The analysis of the results to derive an indication of layer formations, however, is not straightforward. Particularly where the materials of the sub-surface of the earth vary laterally, there may be more than one signal path between the seismic source and a point within the sub-surface which reflects the signal. Typically, the same will be true of the return path between the reflecting point and a respective seismic sensor, such as a geophone or a hydrophone. If a case of three different paths in each direction is considered, there will be nine different round-trip routes by which a signal can travel from the seismic source to the seismic sensor from a single reflection point. Cost-effective analysis using all of these possible paths is impossible, so some means of simplifying the processing is required.
In “Green's Functions for 3D Pre-stack Depth Migration” published in the EAGE 57 Conference and Technical Exhibition in Glasgow, Scotland on 29 May to 2 Jun. 1995, the following two prior art techniques for reducing this complexity are discussed. It will be understood that the signals resulting from a single reflection point will generally arrive at the geophone at different times and with different amplitudes dependent upon the distance of the path travelled and the sound-propagating characteristics of the subsurface layers through which the sound waves have passed. Consequently, there are a number of “ray paths” through the sub-surface of the earth which relate to a signal reflected by a single reflection point. One proposed solution to the complexity of the numerous ray paths is to select a so-called first arrival signal. This will be the arrival signal (or “arrival”) corresponding with the fastest propagating seismic signal. However, one drawback of this technique is that the first arrival is rarely the strongest signal and often contains too little energy to provide reliable and accurate analysis. However, the methods for calculating the first-arriving travel time tend to be cheaper and simpler than other methods.
Some of these methods are commonly (and confusingly) referred to as “shortest path” methods, although they actually compute a shortest travel-time path, rather than a shortest physical ray length path. Articles describing this type of method may also be found in Geophysics, Volume 56, No. 1, January 1991, T. J. Moser, “Shortest path calculation of seismic rays”, pages 59–67; Geophysics, Volume 58, No. 7, July 1993, Robert Fischer et al., “Shortest path ray tracing with sparse graphs”, pages 987–996; and Geophysics, Volume 59, No. 7, July 1994, T. J. Moser, “Migration using the shortest-path method”, pages 1110–1120. References to the process of computing the shortest travel-time raypath (rather than the shortest ray length raypath), can be found in these articles on page 59, abstract, line 4; page 987, column 2, line 20; and page 1111, column 2, line 37, respectively.

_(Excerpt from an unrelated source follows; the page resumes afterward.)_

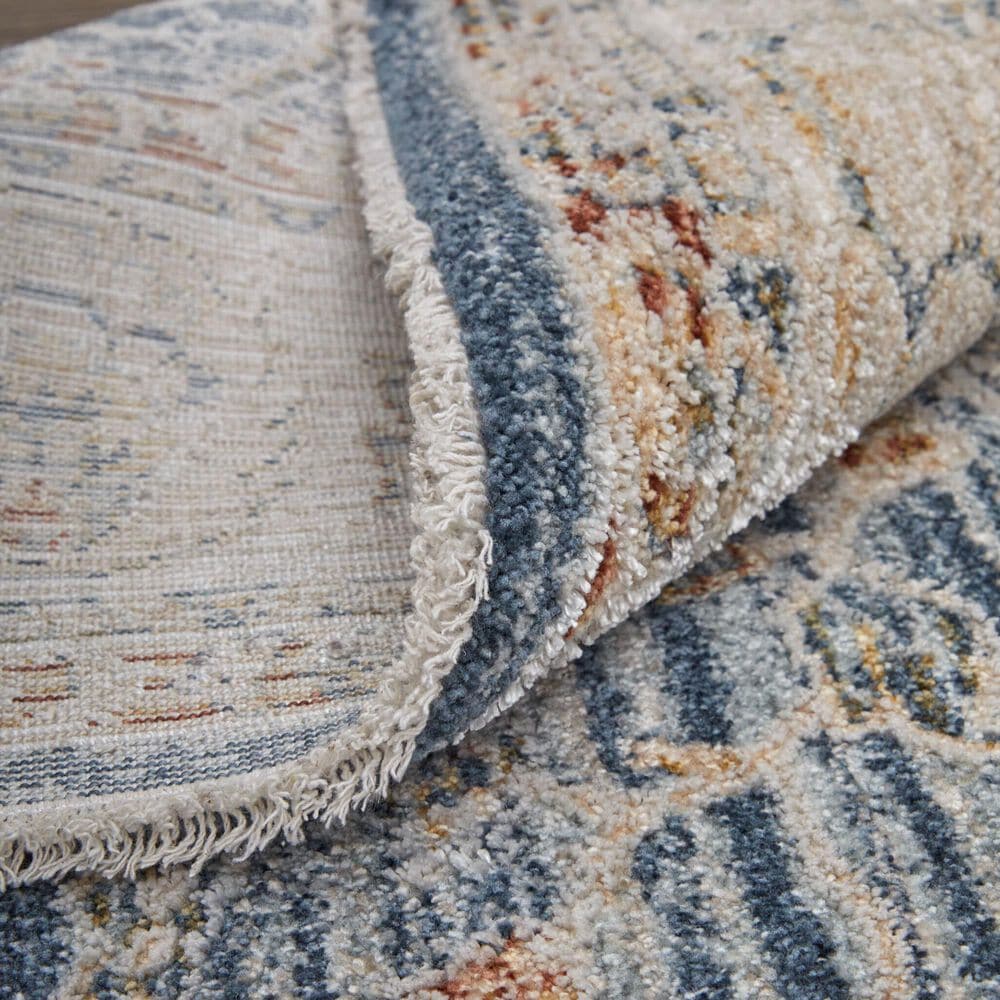 Feizy Pasha 2&#39; x 3&#39; Blue and Ivory Area Rug, , large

Another prior art technique is to select the arrival having the maximum amplitude. However, selection of this arrival is not necessarily straightforward because the model of the sub-surface will generally only be approximate. The maximum amplitude arrival will only provide the best single arrival as long as the estimates of amplitude are correct. Another difficulty with the maximum amplitude arrival is that the choice of arrival can switch rapidly back and forth between branches. However, improvements using the maximum-amplitude arrival over use of a first arrival have been observed in the prior art reference first identified above.
It is an object of the present invention to provide a method of processing seismic data which ameliorates the disadvantages of these prior art techniques.